#### ASSIGNMENT
Transcribe each entry in full, and leave the images out.

#### DATASET RECORDS
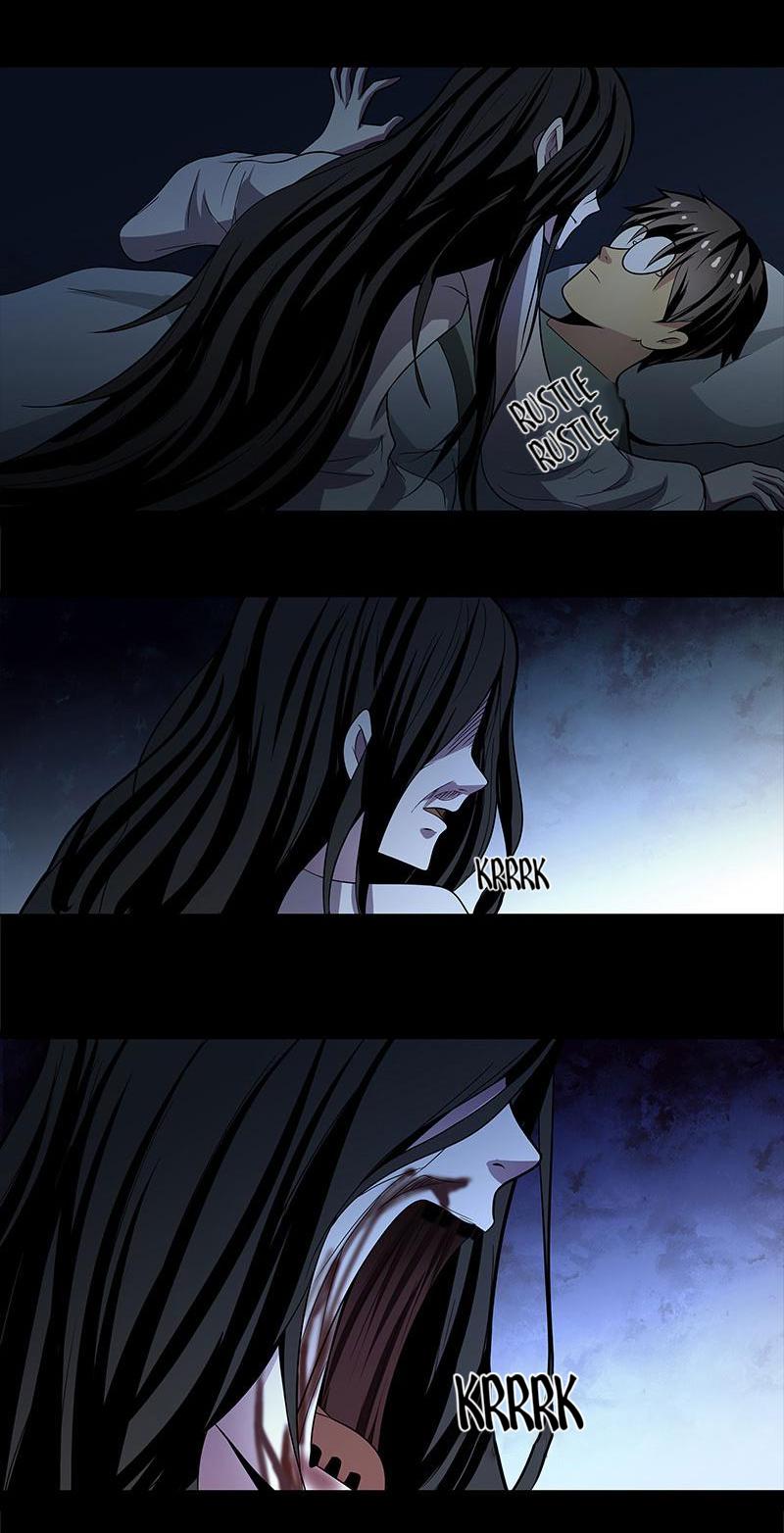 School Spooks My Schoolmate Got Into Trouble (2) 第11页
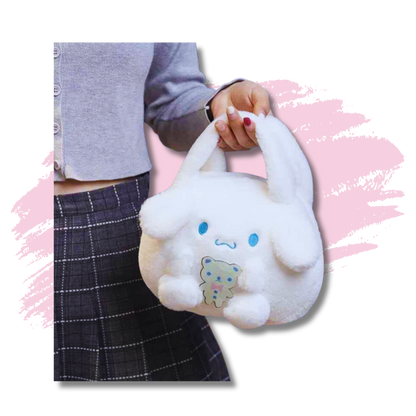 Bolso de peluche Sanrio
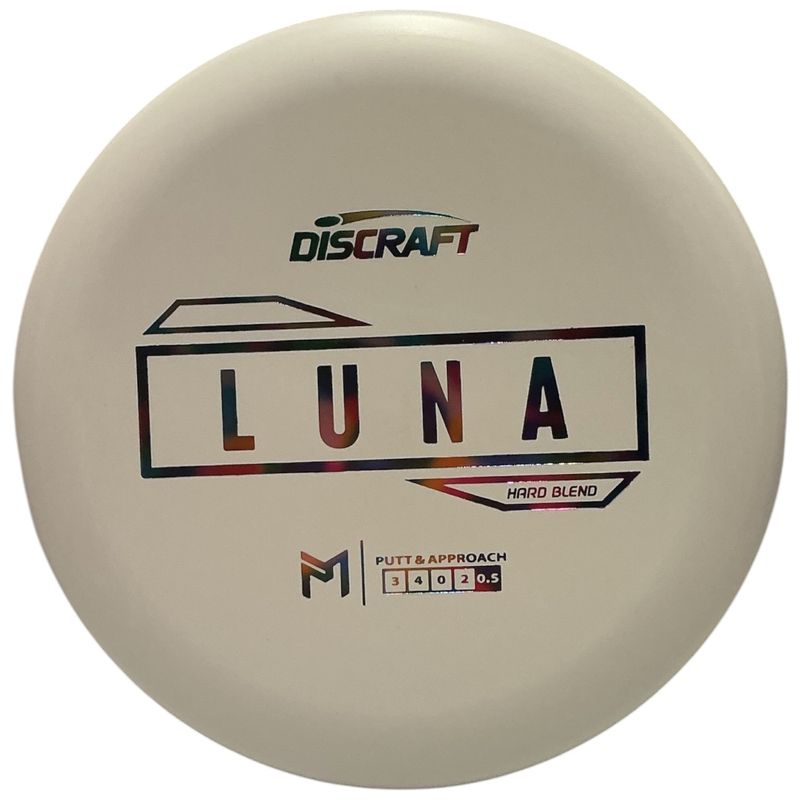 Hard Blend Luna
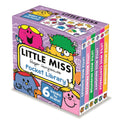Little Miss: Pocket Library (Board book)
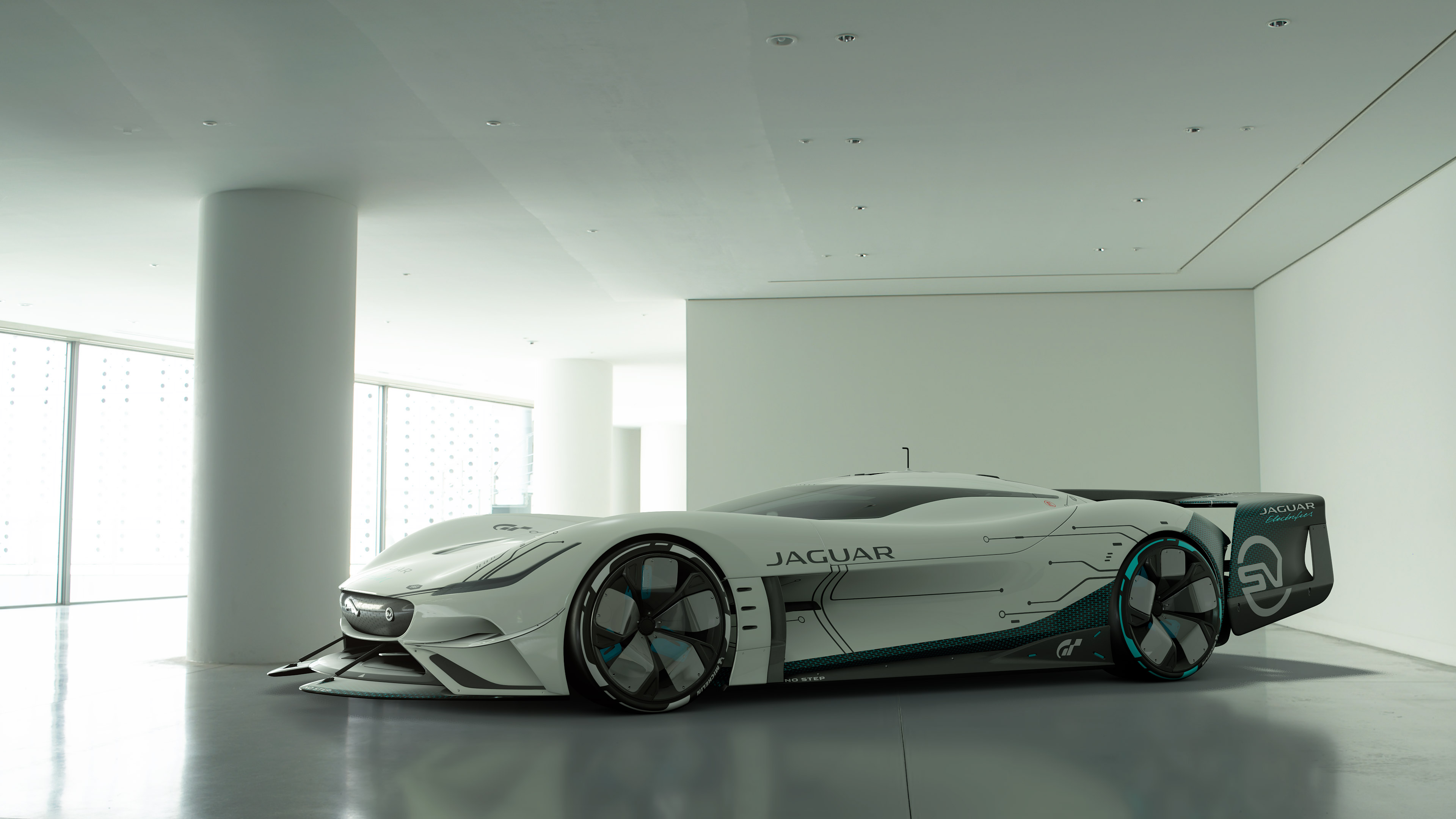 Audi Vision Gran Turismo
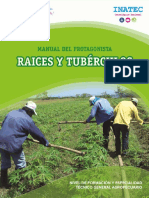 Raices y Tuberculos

#### SOLUTION TO THIS EXERCISE
 School Spooks My Schoolmate Got Into Trouble (2) 第11页
 Bolso de peluche Sanrio
 Hard Blend Luna
Little Miss: Pocket Library (Board book)
 Audi Vision Gran Turismo
 Raices y Tuberculos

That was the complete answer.